For nearly 40 years after Peter died in 1725 the imperial guards and the nobles made and unmade rulers. Most of these monarchs allowed court favorites, who were often German, and adventurers to run the government.

In 1741 a palace revolution supported by the imperial guards gave the crown to Elizabeth, a daughter of Peter the Great. French influence then became dominant. Russia became increasingly involved in European politics and wars. In the Seven Years' War (1756–63) Russia joined Austria, France, Saxony, and Sweden in war against Prussia, Great Britain, and Hanover. In 1762, when the Russian army was on the verge of complete victory over Prussia, Elizabeth died.

Catherine the Great

Elizabeth was succeeded by Peter, her nephew. He admired Frederick the Great of Prussia and saved him from disaster by making peace. In July, 1762, Peter was overthrown and murdered in a palace revolution led by his wife, Catherine, a German princess.

The reign of Catherine was a time of great power and splendor for Russia. The empress directed every area of state policy and was skillful in choosing talented officials and generals. She corresponded with other monarchs and with leading intellectuals of Western Europe. She drew up elaborate plans for reforms. There were many serf rebellions, notably one led by Emelyan Pugachev, a Cossack who claimed to be czar. Many nobles were killed during Pugachev's rebellion, leading Catherine to abandon her plans for reform.

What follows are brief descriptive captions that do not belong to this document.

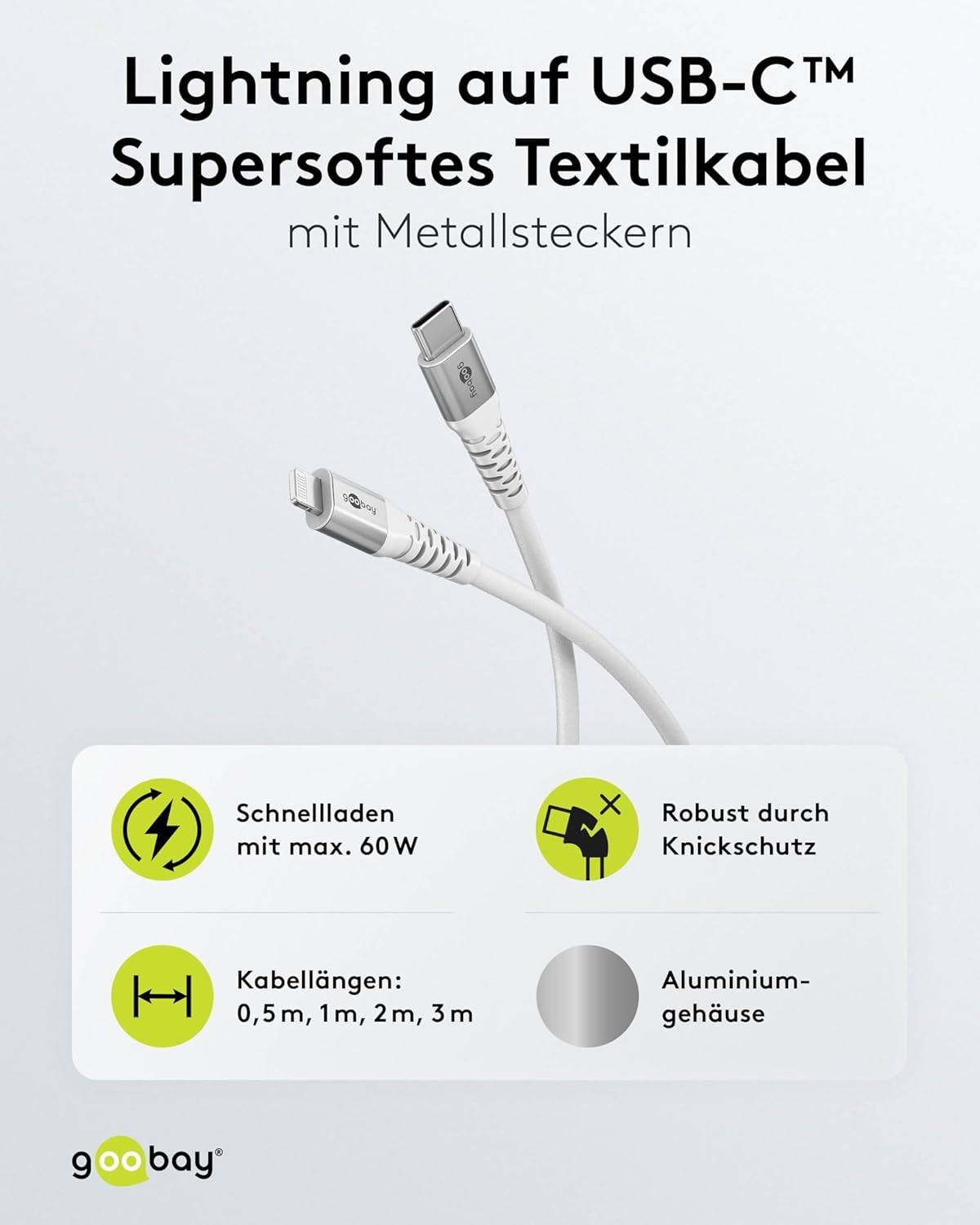 GOOBAY GOOBAY-74519 Kabel; USB 2.0; Apple Lightning-stekker,USB-C-stekker; 1m; wit - 1 stuk-1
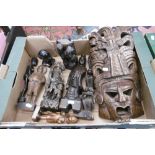 A COLLECTION OF CARVED WOODEN ITEMS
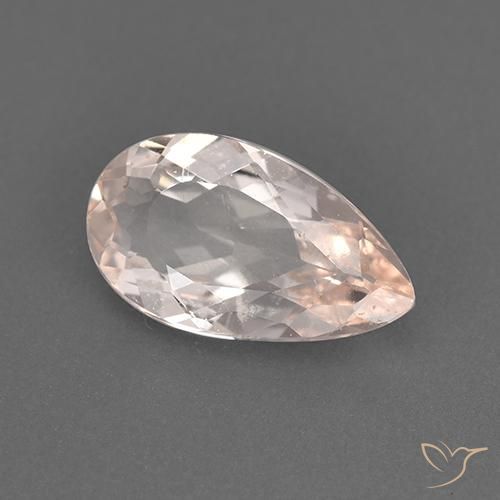 Morganite Saumon Rose naturelle En forme de poire, 1.21 ct, VS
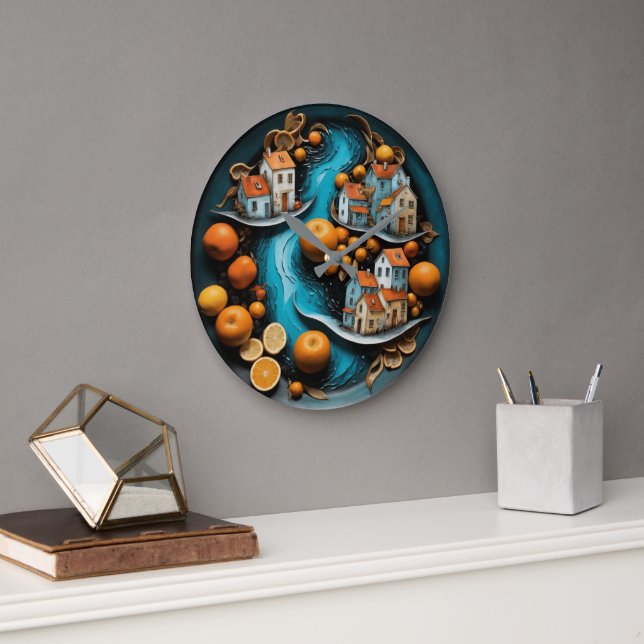 Reloj Redondo Grande Tiempo de fruta artístico (Oficina)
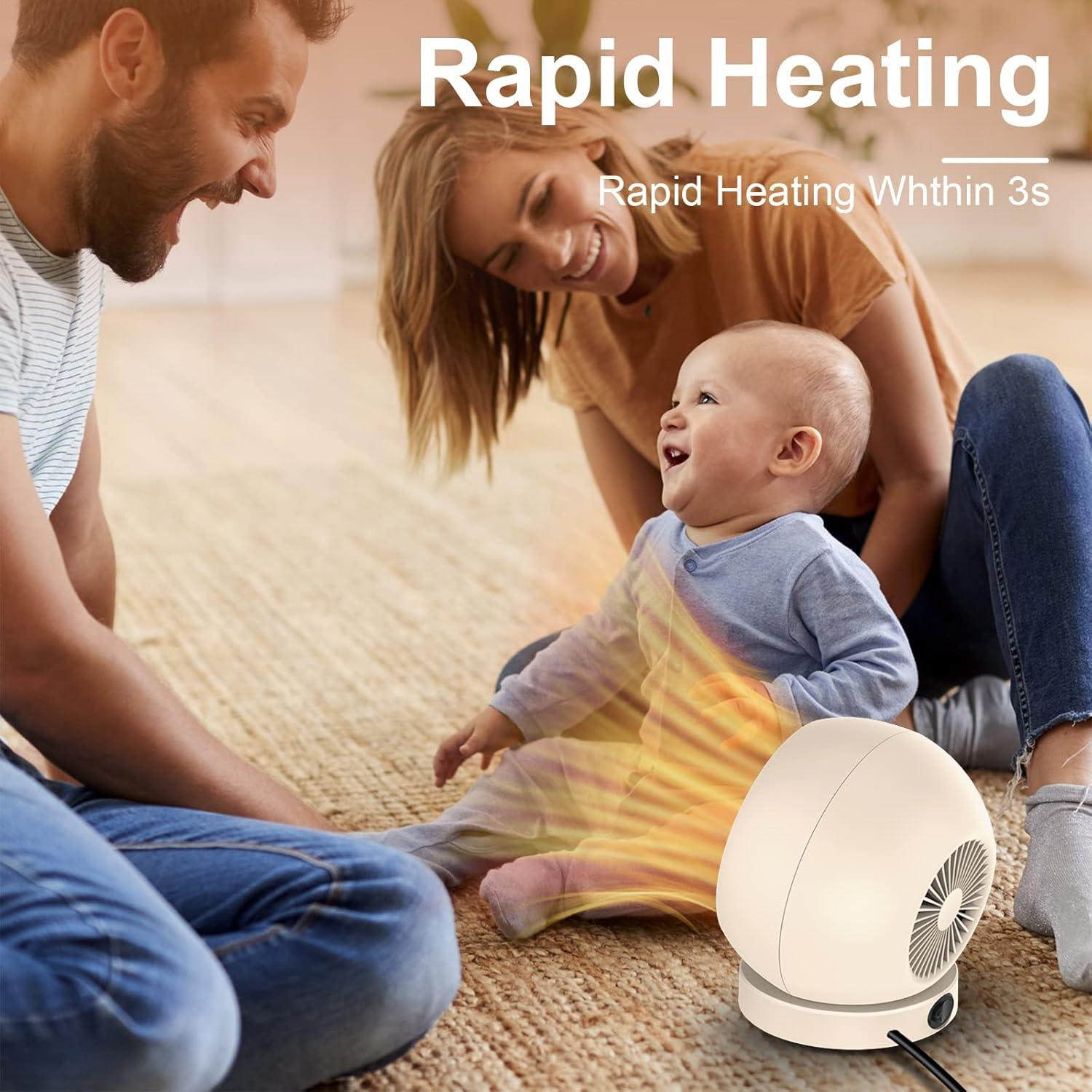 Calentador de Escritorio Lmkeji 600W Compacto y Silencioso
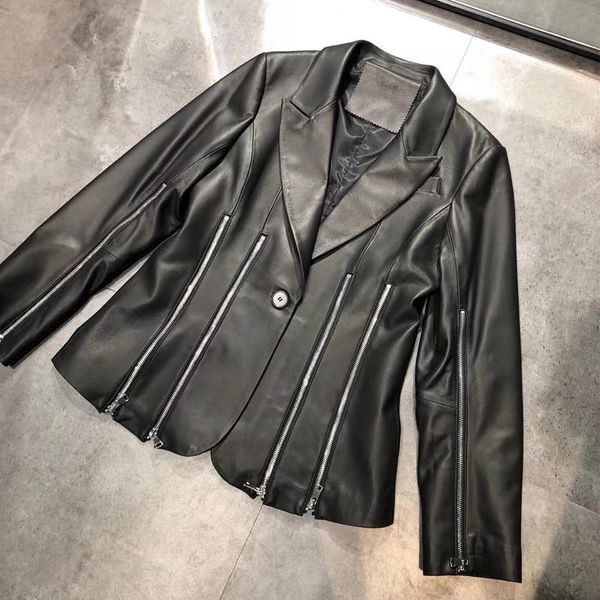 

women's leather & faux real sheep blazer genuine lambskin jacket, Black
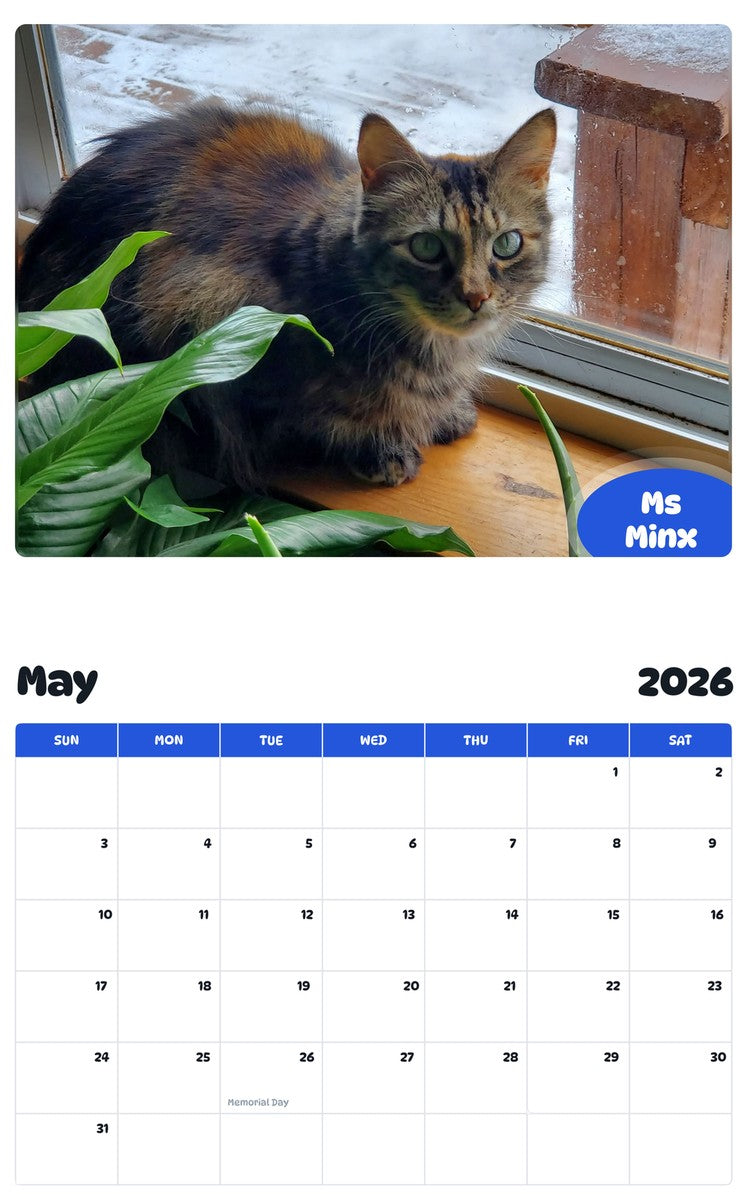 2026 - 2027 Ms Minx - Pawidols Pet Calendar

In the late 18th century, Russia acquired much territory in the west as Poland was divided among Russia, Prussia, and Austria. In two wars with Turkey, Russia gained nearly all the northern shoreline of the Black Sea. Russia strengthened its hold on eastern Siberia and established trading posts in Alaska. Catherine reorganized the provinces, set up local administrative districts, and established a more efficient system of courts. After the outbreak of the French Revolution in 1789, Catherine, fearing a revolution in Russia, adopted a policy of repressing all new ideas.